Brutal interest rate rise
Beating your children as a punishment is out of fashion now but the philosophy still pertains in the ranks of our economic navigators. The latest interest rate hike, to 4% by the MPC, is brutal. Does the pound need protection? Now at USA$1.22 to £1, the immediate post Truss/Kwarteng panic of parity seems even more hysterically farfetched now, than it did when the Treasury made its power grab. And taking on a central bank with its own currency was only ever going to produce one winner.
At the root of our inflationary challenges, and those of the western world, lie the Russia-Ukraine war and its effect on food and fuel. They are inescapable essentials: would somebody please explain to me how a Bank of England interest rate hike will impact them?
The only way out of this mire is to encourage growth and investment but a Treasury with a political agenda, or some very old textbooks, is deliberately trampling these areas. Our public debt level is the second lowest of the G7 nations and we must have growth to pay it down.

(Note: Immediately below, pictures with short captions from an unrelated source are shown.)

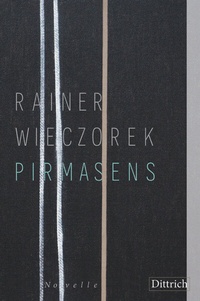 Abbildung von: Pirmasens - Dittrich Verlag ein Imprint der Velbrück GmbH Bücher und Medien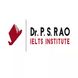 Dr. P.S Rao IELTS Institute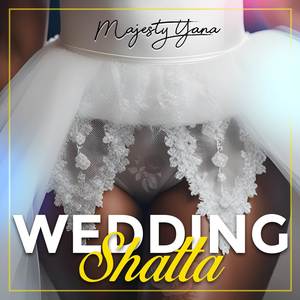 WEDDING SHATTA (Explicit)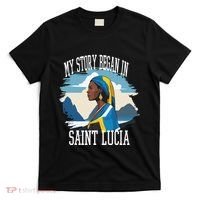 St. Lucia Independence My Story Began In St. Lucia Heritage T-Shirt thumb 0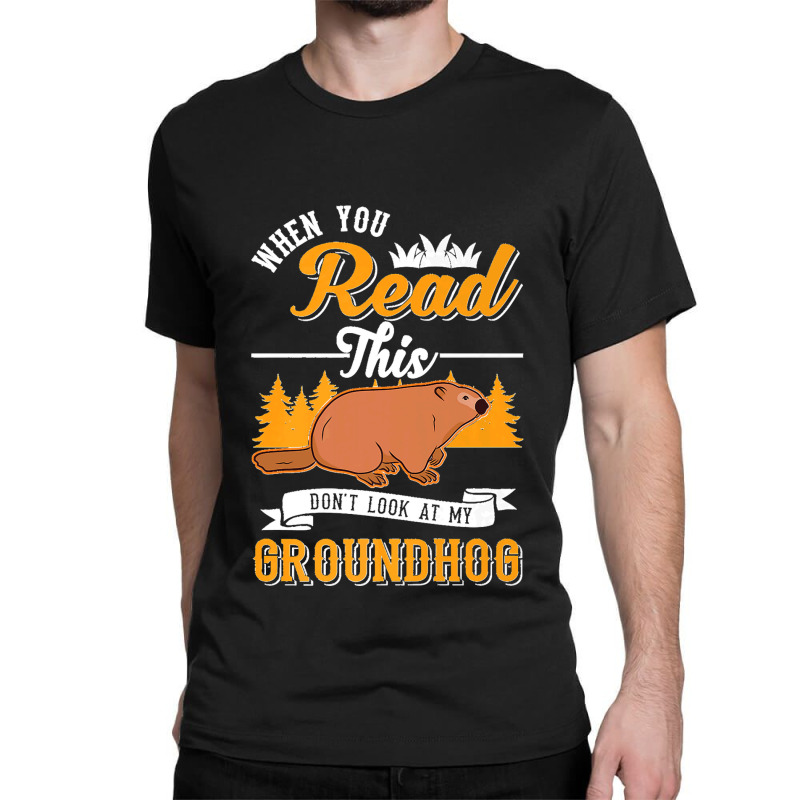 36.when You Read This Don't Look At My Groundhog Marmot Premium Classic T-shirt by LisaMarieRangel | Artistshot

The last decade has established how rising prices, anywhere, are better controlled by competition, Amazon, the internet, social media, flattening management structures and new entrants like Aldi and Lidl. The messianic cry of high interest rates required to kill off neo-zombie businesses and hailing a brave era of new entrants is loud from the insolvency industry, but it is self-serving and ignores the fact that 50%+ of our GDP come from SMEs which have to battle to pass on price rises.
Sir James Dyson’s opinion of our economic leadership was shared by 66% of respondents on the Bibby SME Barometer. I am with them.